Although these studies have been proven effective, they cannot directly used for our visual analytics tasks. For the taxi data used in this paper, relatively little research has been done on pattern analysis of passengers’ behavior for pick-up selection. It is still a challenge to explore enormous pick-up points. Problems such as visual redundancy and poor scalability are easy to appear. Therefore, we combined the multiple visualization techniques and designed a novel visual analytics system, which enables users to interactively explore pick-up selection behavior at multiple scales. In particular, a juxtaposition comparison view was designed to interact with plenty of pick-up points and gathering locations, depicting different patterns in different regions.
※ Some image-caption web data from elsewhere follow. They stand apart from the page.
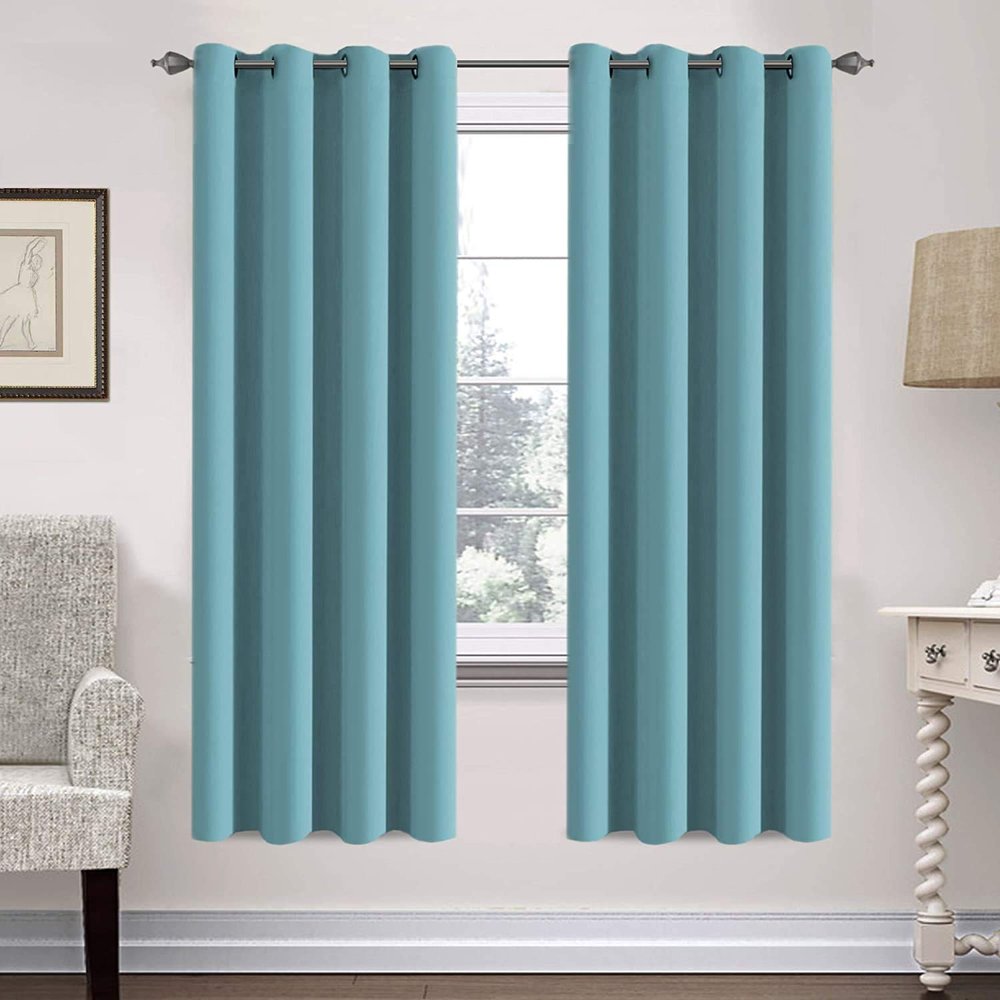 Muutos Blackout Curtains, Light Blue, 240 x 200 cm
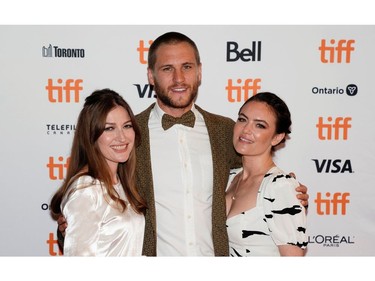Actors Kelly Macdonald, George Mason and Julia Stone pose at the premiere of "Dirt Music" at the Toronto International Film Festival (TIFF) in Toronto, Ontario, Canada September 11, 2019. REUTERS/Mark Blinch ORG XMIT: MMX209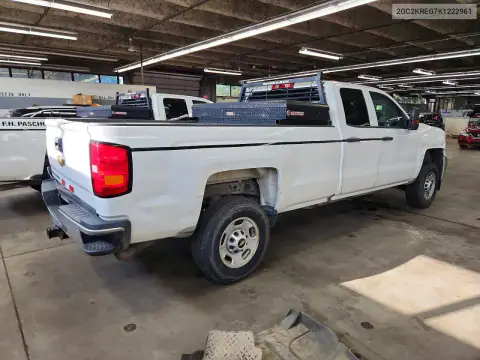2GC2KREG7K1222961 — 2019 Chevrolet Silverado, photo 3 from Copart 20.10.2026, Rear end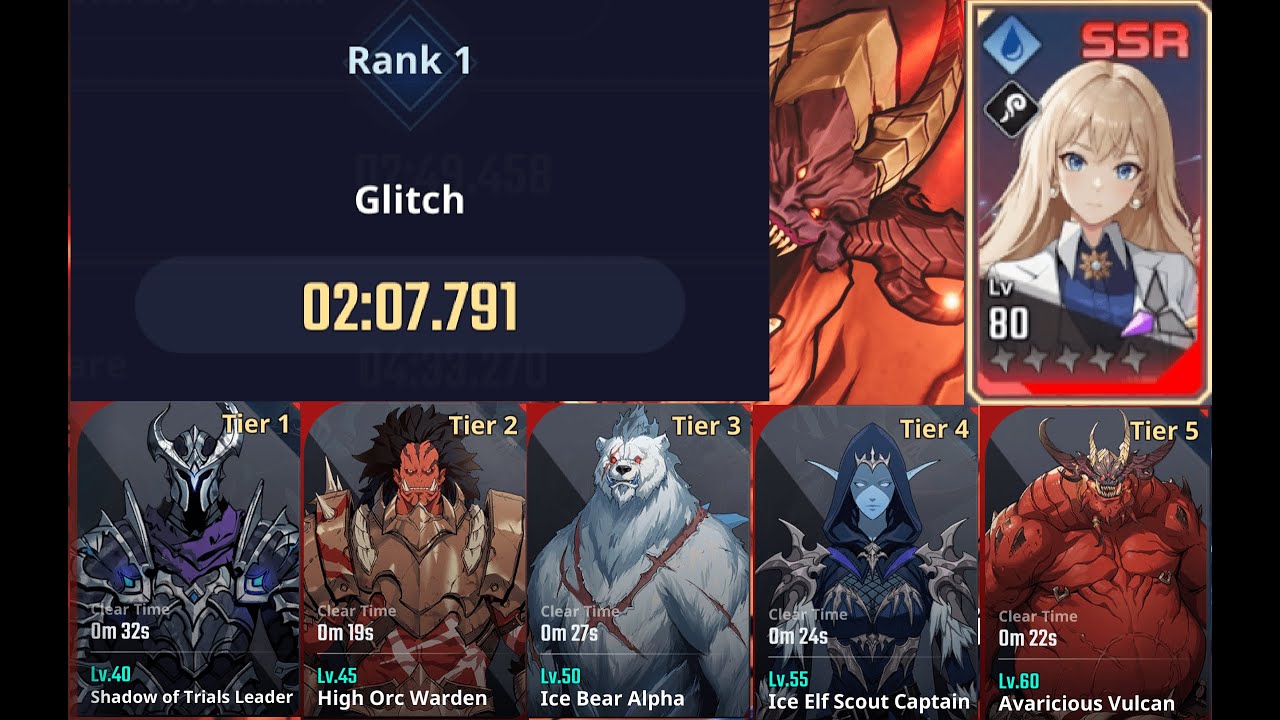 Solo Leveling ARISE | Alicia A0 2:07.791 | Battle of Time Challenge Season 1 #5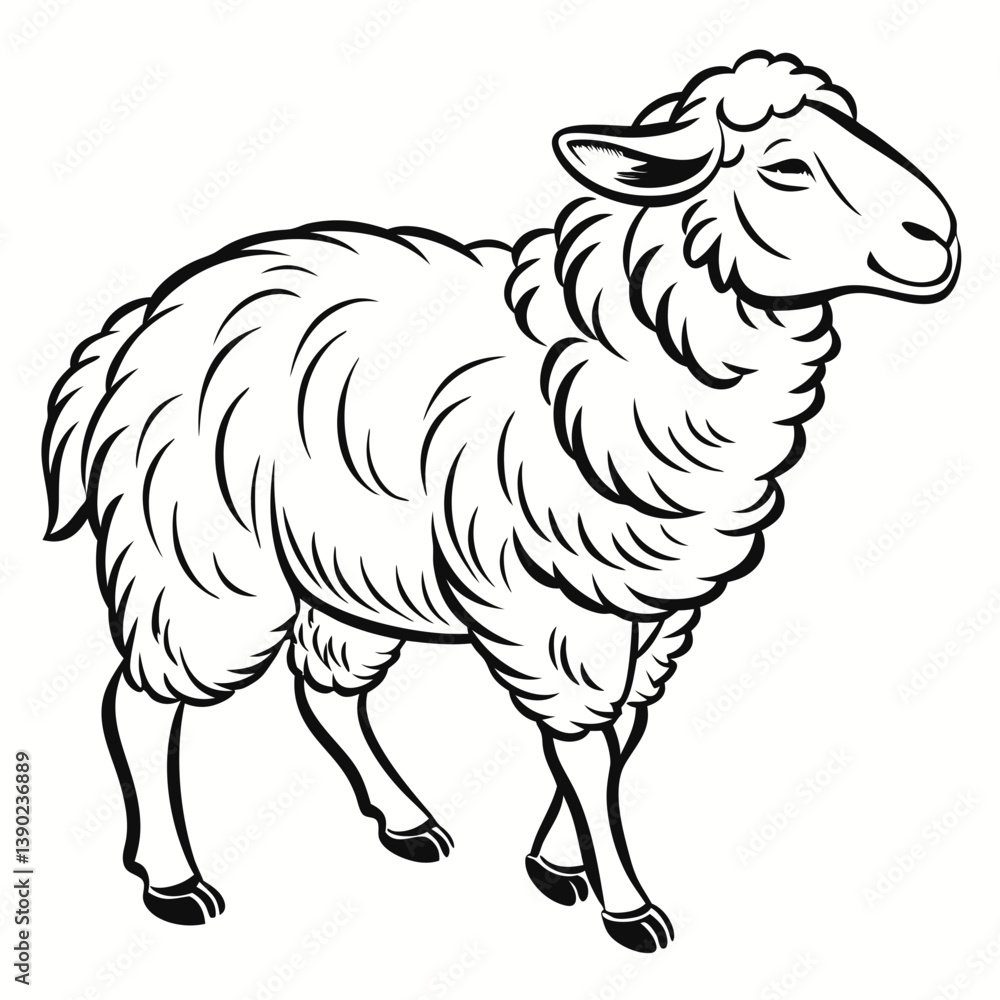 Obraz premium vector of a sheep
2 Data and Analytical Tasks

This section first describes the data processing procedures and the derived output. Next, we derive a list of analytical tasks by working with domain experts.

2.1 Data Description

In this research, T-PickSeer is constructed from three types of data. i) We utilize the road network of Shenzhen and geographical data from the open street map¹¹1https://www.openstreetmap.org/. ii) We retrieve Points of Interest (POIs) data from the Baidu Map Service²²2https://api.map.baidu.com/lbsapi/getpoint/index.html. The dataset includes 190362 POI locations where each record contains the longitude, latitude, name, address, and functionality of a structure in the urban environment. iii) We use the taxi GPS data from September 1, 2019 to October 5, 2019 in Shenzhen city. The raw data records the location of each taxi with a total size of over 200 GB. Each record consists of a timestamp, taxi id, longitude, latitude, speed, travel direction, and occupancy status.

2.2 Data Processing

•

POI classification: The raw POI data is categorized into 20 industry categories and 158 detail categories. To better focus on the POI information related to our scenario, we reclassified POI data into six categories: company, education (i.e., schools and universities), entertainment (i.e., restaurants, shopping malls, and tourism), living, public service (i.e., government agency) and traffic(i.e., station and parking lot).

•

Trip extraction: Taxi GPS data records a sequence of key points that a taxi passed by, which is unclear for the pick-up point (Origin) and drop-off point (Destination) of a single trip. So we need to extract each OD trip from raw GPS data. It consists of three steps: i) Data cleaning. Some records that are out of the study area or occupancy status changes abnormally, are eliminated at first. ii) Pick-up and drop-off points identification. It can be extracted according to the change in occupancy status. It means that someone gets off when the taxi’s status changes from 1 to 0, the opposite means someone getting on. iii) Attribute addition. To facilitate the analysis of pick-up point selection with surrounding POIs, we attach the category attribute of the nearest POI to each OD point. On average, about two million trips are extracted each day. The metadata of each trip record is shown in Table 1.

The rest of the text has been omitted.